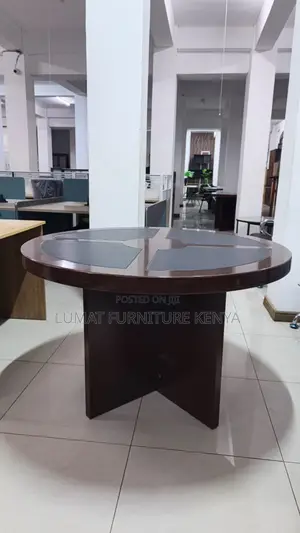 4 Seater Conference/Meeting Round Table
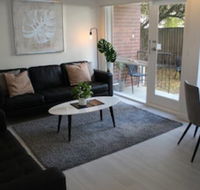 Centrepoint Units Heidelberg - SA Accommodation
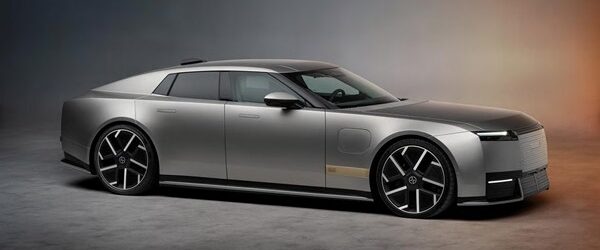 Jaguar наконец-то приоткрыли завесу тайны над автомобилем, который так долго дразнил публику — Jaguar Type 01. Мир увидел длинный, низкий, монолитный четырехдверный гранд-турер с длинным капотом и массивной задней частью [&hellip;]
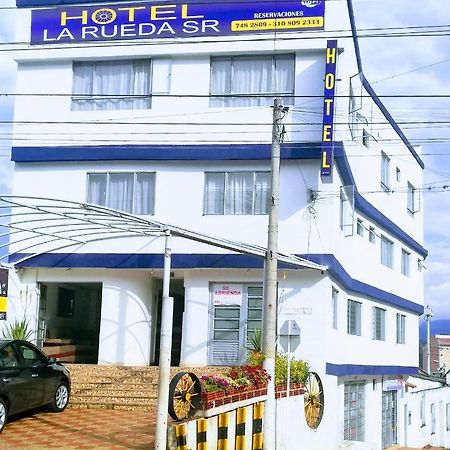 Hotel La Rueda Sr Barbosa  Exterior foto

→ Problem requirements:
Transcribe the lines above exactly, setting aside any picture among them.

→ Completed exercise:
 4 Seater Conference/Meeting Round Table
 Centrepoint Units Heidelberg - SA Accommodation
 Jaguar наконец-то приоткрыли завесу тайны над автомобилем, который так долго дразнил публику — Jaguar Type 01. Мир увидел длинный, низкий, монолитный четырехдверный гранд-турер с длинным капотом и массивной задней частью [&hellip;]
 Hotel La Rueda Sr Barbosa  Exterior foto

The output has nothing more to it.